It is right that the Attorney-General should not give direction on individual prosecutions, and should give only general policy guidance that is open and on the record. However, does the Secretary of State not accept that as long as the Attorney-General retains a broad, unaccountable power to stop prosecutions on grounds of national security, the public will not be reassured about, for example, the shameful events surrounding the dropping of the BAE Systems case? Why will the Attorney-General still have a power to stop prosecutions related to terrorism? Is it not important to fight terrorism on the basis of fighting crime, in a context that has nothing to do with political decisions?
The proposals on not releasing the Attorney-General's legal opinions are especially poignant, given that later today we will debate the Iraq war. There is a strong case for confidentiality while policy is being formulated, but when the Government rely on that legal advice in a parliamentary debate, Parliament should see the real thing. It is not enough for the Government merely to promise not to mislead Parliament.
On treaty ratification, the Government are again taking a step in the right direction, but given their tight grip on the business of the House, does not the proposal mean that there will be a vote in the House only if the Government want one?
On the proposal to put the civil service on a statutory footing, there will be quiet rejoicing in many discreet quarters, but—again, on the day of a debate on Iraq—why are the Government to make an exception so that MI5 and MI6 officers will not be bound by duties of impartiality and objectivity? Surely one central lesson of Iraq is that never again should Government policy dictate intelligence.
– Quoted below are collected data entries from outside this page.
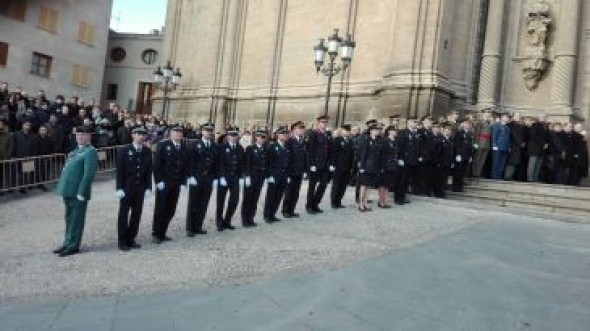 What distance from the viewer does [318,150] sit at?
46.4ft

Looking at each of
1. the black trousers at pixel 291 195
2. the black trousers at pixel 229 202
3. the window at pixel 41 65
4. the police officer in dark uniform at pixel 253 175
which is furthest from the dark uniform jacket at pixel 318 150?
the window at pixel 41 65

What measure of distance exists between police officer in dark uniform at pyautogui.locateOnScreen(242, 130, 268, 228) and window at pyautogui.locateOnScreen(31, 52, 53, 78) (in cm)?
3074

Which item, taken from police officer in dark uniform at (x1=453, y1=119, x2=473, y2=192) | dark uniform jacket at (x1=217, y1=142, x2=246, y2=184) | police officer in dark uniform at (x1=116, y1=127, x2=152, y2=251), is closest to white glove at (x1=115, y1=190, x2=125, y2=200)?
police officer in dark uniform at (x1=116, y1=127, x2=152, y2=251)

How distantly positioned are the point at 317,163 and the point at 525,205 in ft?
17.2

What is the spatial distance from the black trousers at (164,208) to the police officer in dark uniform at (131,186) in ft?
1.35

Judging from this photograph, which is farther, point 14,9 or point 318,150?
point 14,9

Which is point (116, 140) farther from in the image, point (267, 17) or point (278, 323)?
point (278, 323)

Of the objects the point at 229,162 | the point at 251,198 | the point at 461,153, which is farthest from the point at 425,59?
the point at 229,162

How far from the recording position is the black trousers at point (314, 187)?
13.9m

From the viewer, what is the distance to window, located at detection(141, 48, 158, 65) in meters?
46.0

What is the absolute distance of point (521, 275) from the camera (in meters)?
8.69

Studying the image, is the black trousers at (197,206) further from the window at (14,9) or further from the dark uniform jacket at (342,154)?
the window at (14,9)

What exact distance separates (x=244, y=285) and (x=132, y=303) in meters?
1.39

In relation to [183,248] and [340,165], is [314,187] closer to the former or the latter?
[340,165] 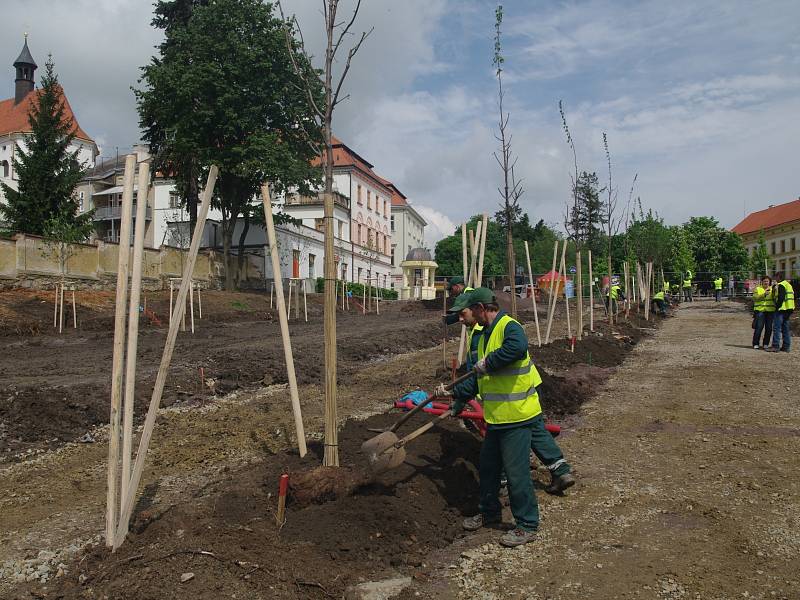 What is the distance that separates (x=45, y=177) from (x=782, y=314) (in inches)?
1239

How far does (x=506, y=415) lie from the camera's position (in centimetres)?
452

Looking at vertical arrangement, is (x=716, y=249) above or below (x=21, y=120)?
below

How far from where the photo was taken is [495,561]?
13.4ft

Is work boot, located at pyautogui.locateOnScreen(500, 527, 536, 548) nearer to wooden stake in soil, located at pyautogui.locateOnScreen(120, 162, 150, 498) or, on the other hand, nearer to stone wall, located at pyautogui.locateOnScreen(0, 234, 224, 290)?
wooden stake in soil, located at pyautogui.locateOnScreen(120, 162, 150, 498)

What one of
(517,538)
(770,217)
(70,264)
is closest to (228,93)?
(70,264)

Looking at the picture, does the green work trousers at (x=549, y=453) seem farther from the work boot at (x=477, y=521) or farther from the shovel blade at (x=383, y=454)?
the shovel blade at (x=383, y=454)

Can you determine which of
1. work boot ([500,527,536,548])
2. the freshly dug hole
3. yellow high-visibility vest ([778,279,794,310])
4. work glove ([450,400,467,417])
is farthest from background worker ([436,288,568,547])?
yellow high-visibility vest ([778,279,794,310])

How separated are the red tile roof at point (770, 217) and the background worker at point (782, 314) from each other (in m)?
61.5

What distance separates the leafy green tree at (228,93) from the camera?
92.1 feet

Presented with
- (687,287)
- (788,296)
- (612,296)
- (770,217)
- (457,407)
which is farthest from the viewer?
(770,217)

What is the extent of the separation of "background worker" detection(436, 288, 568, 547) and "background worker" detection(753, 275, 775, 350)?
11845mm

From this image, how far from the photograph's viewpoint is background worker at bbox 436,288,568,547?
14.5 ft

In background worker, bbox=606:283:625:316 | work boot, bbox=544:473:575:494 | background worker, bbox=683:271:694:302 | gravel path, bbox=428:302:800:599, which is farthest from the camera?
background worker, bbox=683:271:694:302

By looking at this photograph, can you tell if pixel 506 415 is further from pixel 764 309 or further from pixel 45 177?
pixel 45 177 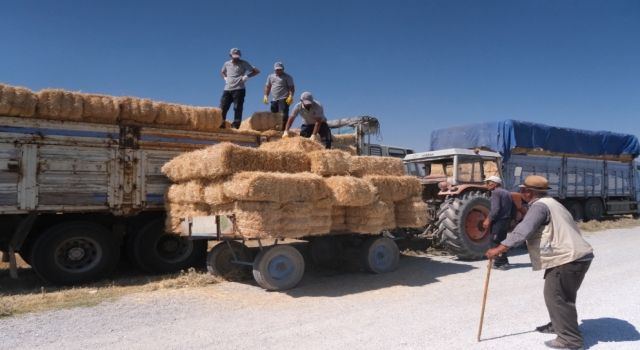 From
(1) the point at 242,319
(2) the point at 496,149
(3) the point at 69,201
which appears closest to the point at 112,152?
(3) the point at 69,201

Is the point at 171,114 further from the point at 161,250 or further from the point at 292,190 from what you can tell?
the point at 292,190

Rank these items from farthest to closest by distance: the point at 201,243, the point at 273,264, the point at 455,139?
the point at 455,139 < the point at 201,243 < the point at 273,264

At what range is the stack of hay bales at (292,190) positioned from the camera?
268 inches

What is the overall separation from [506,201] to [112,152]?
24.1ft

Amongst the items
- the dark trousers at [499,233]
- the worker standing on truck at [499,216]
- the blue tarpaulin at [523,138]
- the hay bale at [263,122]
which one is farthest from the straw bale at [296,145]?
the blue tarpaulin at [523,138]

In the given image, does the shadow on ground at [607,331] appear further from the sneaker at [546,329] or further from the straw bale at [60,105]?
the straw bale at [60,105]

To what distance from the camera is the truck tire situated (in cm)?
976

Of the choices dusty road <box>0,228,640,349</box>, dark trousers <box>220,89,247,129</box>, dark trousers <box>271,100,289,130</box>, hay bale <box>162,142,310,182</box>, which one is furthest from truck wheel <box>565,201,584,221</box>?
hay bale <box>162,142,310,182</box>

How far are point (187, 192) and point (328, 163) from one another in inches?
92.3

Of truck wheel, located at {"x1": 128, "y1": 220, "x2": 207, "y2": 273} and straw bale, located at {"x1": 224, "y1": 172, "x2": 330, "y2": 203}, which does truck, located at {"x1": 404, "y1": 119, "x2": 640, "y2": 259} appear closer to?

On the limiting of the Prime Minister's power to call early elections, which was given short shrift in the statement, I invite the Government to clear up the whole mess by supporting my Fixed Term Parliaments Bill.
Is not the main problem with the statement that it is nibbling at the edges of constitutional reform? Our political system is broken and people are losing faith in politics. That means that if we do nothing about it, they will lose faith in democracy itself. This House is at the heart of the problem, being elected in so unrepresentative a way that all Governments start out as unpopular, and usually get worse. As in 1832, and many times since, reform must start with the way in which this House is elected.
I do not accept the hon. Gentleman's criticisms of the changes. These are major and significant changes, and it has fallen to this reforming Government to introduce them, when no changes of any constitutional significance were introduced by the previous Administration.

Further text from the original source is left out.